STREAM EXCLUSIVE ORIGINALS

Birmingham 16th Street Baptist Church Bomber Up For Parole In 2021

Thomas Edwin Blanton Jr. was a member of the Ku Klux Klan.

On September 15, 1963, white supremacist Thomas Edwin Blanton Jr., now 86, killed Addie Mae Collins, Carole Robertson, Cynthia Wesley and Denise McNair by bombing the 16th Street Baptist Church in Birmingham, Alabama. He will be up for parole next year.
The terrorist was not convicted until 2001, 38 years after the bombing. In 2016, the Alabama Board of Pardons denied Blanton’s request for parole “after he asked to die a free man,” according to the Chicago Crusader.
By 1965, the case was closed with no one being convicted. In 1977, Alabama Attorney General Bob Baxley reopened the investigation.
Klan leader Robert E. Chambliss was convicted of murder and died in prison in 1985. By 2002, former Klan member Bobby Frank Cherry was convicted and died in prison in 2004. Another suspect, Herman Frank Cash, died in 1994 before he could be brought to trial.
Chambliss and Cherry maintained their innocence. In 2016, NPR reported, "Blanton has maintained his innocence since his trial in 2001. He was convicted under 1963 laws which did not provide for life without parole. So now he's up for routine parole consideration after 15 years. ... Groups including the NAACP and the family organization Jack and Jill of America have sent letters objecting to Blanton's possible release."

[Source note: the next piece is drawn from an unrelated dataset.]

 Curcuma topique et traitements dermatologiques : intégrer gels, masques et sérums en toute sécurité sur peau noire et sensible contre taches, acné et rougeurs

Addie Mae Collins, Carole Robertson, Cynthia Wesley and Denise McNair were attending Sunday school in the church’s basement when a bomb detonated under the steps of the church. Fourteen others were also injured in the blast.

The deaths of the girls sparked riots around the city and were especially poignant given Birmingham’s designation as America’s most segregated city at the time. Just days before the bombing, Birmingham schools were federally ordered to integrate and that same year, Gov. George Wallace physically kept two African-American students from entering the University of Alabama.

In 2013, House and Senate leaders awarded a Congressional Gold Medal to Addie Mae Collins, Carole Robertson, Cynthia Wesley and Denise McNair.